While it’s easy to praise the breakthrough successes of players like Kris Bryant, Joc Pederson, Kyle Schwarber and Carlos Correa as a generational grand slam, the deeper reality is that MLB teams are scouting, signing, paying and playing young stars more than ever before.
All of that doesn’t come from some heartfelt, emotional love of youth. It’s just economics. As player salaries have skyrocketed and free agency has made veteran players more expensive and more difficult to control, organizations seeking control over their own fortunes are logically and naturally driven to the youth market.

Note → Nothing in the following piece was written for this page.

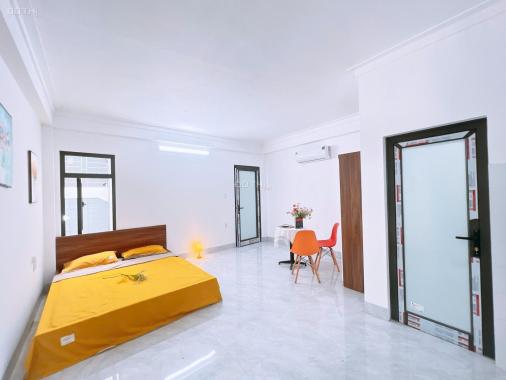 Studio 40m² full nội thất, cửa sổ lớn – Lạc Long Quân, Tây Hồ, 5tr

A rookie good enough to play in MLB can play for his first team for six, seven or even eight years before the team needs to outbid the rest of baseball to retain that player. This means the days of a top prospect riding the bench for years waiting for an opportunity are, for the most part, over. Unless MLB’s financial structure changes dramatically, the new play-the-kids model is here to stay.
All of this means that player scouting and prospecting is more important than ever, and the edge provided by a prospect-laden system is sharper than ever before. Look no further than the earlier-than-expected arrival of the Houston Astros and Chicago Cubs for blueprints on how aggressive prospecting can catapult a team into contention, and quickly.
We’ve never been more excited about the prospect market than we are today at Scouting Book, and we’re looking forward to sharing our expanded prospect coverage and toolbox with our readers.